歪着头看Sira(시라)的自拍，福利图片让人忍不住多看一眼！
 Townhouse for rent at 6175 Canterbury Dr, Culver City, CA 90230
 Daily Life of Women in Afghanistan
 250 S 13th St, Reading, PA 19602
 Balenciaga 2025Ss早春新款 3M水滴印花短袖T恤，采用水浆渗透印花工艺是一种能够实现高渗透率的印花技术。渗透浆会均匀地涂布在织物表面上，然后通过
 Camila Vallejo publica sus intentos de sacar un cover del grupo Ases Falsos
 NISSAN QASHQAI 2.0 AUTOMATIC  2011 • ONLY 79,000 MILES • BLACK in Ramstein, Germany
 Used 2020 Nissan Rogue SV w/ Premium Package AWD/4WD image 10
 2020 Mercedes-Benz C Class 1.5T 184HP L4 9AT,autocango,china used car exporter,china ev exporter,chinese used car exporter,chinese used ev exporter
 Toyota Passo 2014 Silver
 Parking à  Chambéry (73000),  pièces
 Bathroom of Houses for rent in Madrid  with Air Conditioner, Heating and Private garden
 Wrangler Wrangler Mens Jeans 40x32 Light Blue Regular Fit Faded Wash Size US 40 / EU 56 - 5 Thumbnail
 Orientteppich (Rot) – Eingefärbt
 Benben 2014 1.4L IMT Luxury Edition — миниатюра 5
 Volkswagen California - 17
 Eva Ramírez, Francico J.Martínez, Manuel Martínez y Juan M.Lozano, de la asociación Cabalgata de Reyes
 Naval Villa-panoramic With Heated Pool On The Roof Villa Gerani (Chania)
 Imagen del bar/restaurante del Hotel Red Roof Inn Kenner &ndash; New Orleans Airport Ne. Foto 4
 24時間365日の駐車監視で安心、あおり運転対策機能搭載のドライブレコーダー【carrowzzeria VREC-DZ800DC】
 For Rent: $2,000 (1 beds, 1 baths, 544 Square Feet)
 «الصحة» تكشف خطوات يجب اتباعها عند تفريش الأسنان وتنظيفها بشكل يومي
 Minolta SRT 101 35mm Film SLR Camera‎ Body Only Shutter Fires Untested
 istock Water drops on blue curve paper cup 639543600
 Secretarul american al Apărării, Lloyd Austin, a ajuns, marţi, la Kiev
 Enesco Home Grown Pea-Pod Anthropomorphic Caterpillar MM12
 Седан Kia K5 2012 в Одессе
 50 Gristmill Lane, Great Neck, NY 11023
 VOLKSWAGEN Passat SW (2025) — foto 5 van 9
+++
TASK REQUIREMENTS: Could you set down, exactly as written, the lines above between the one holding "Minolta SRT 101" and the one holding "Седан Kia K5 2012 в Одессе", inclusive, and nothing more?

SOLUTION TO THE PROBLEM:
 Minolta SRT 101 35mm Film SLR Camera‎ Body Only Shutter Fires Untested
 istock Water drops on blue curve paper cup 639543600
 Secretarul american al Apărării, Lloyd Austin, a ajuns, marţi, la Kiev
 Enesco Home Grown Pea-Pod Anthropomorphic Caterpillar MM12
 Седан Kia K5 2012 в Одессе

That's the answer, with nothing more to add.